INFORMATION:
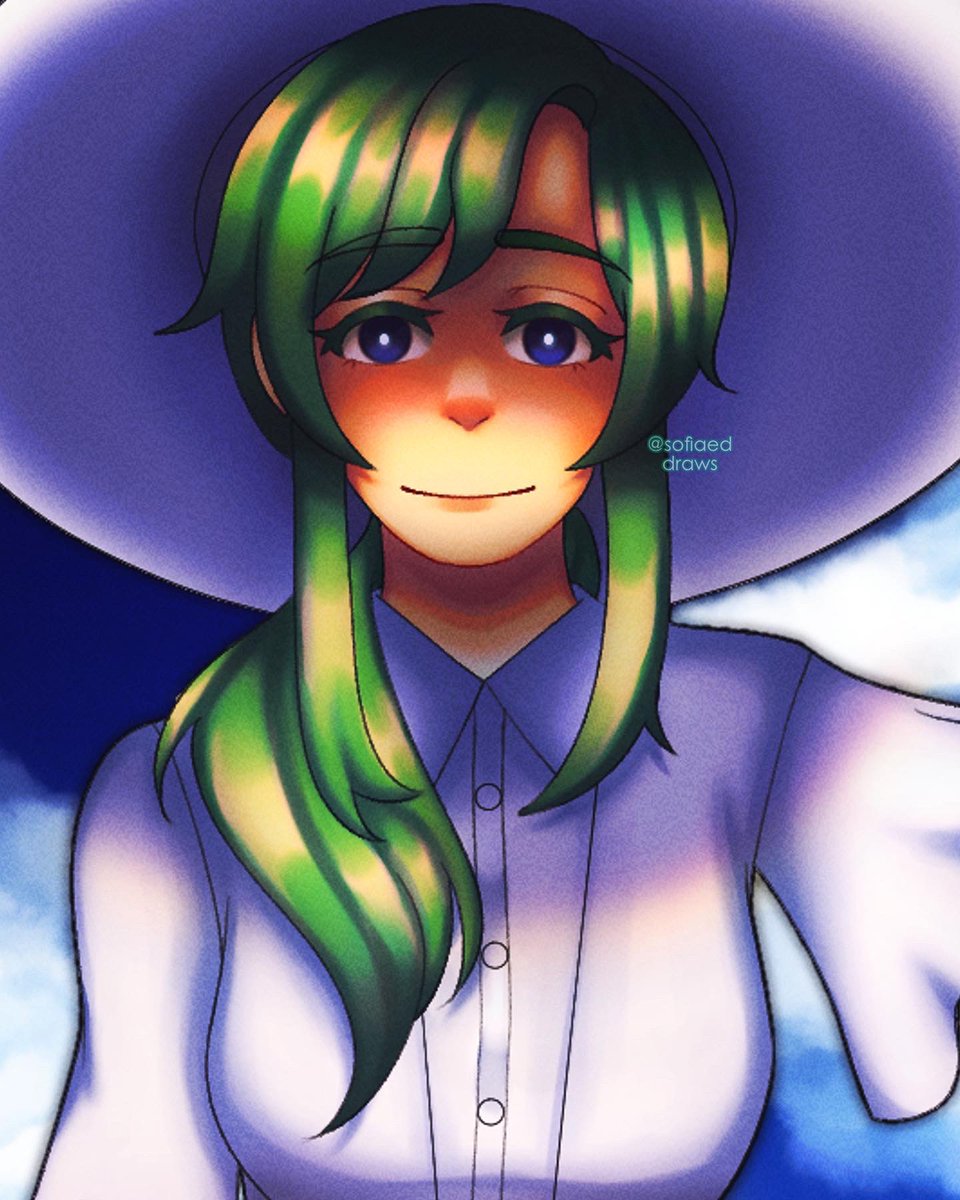 SofiaEd_'s tweet photo. 「🌼🌤」
Character preview for Alex and some spring/summer art.... I’ll probably continue this theme for my OCs ☀️
#sofiaeddraws #digitalart #artshare #project_c #ArtistOnTwitter #sofiaedoc https://t.co/KTP5C17yxR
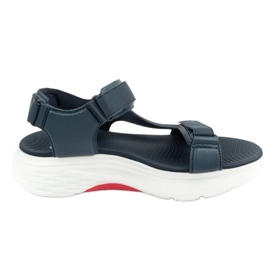 Skechers Max Sandaler 229146 Nvrd blå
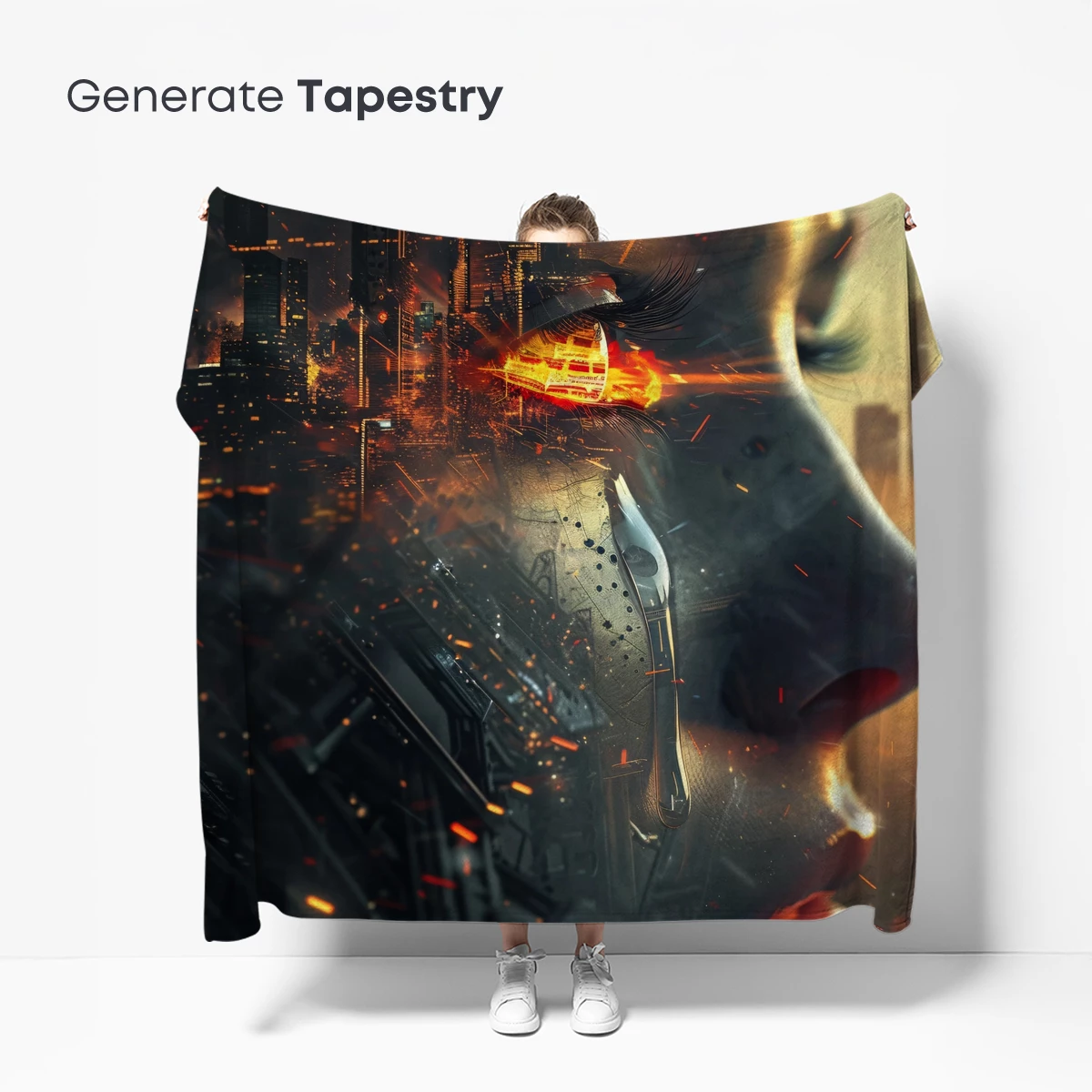 Cybernetic Cityscape: Urban Dreams in the Mind's Eye - Image 5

WHAT YOU HAVE TO DO:
Dropping every picture, restate the material word for word.

RESPONSE TO THIS EXERCISE:
 SofiaEd_'s tweet photo. 「🌼🌤」
Character preview for Alex and some spring/summer art.... I’ll probably continue this theme for my OCs ☀️
#sofiaeddraws #digitalart #artshare #project_c #ArtistOnTwitter #sofiaedoc https://t.co/KTP5C17yxR
 Skechers Max Sandaler 229146 Nvrd blå
 Cybernetic Cityscape: Urban Dreams in the Mind's Eye - Image 5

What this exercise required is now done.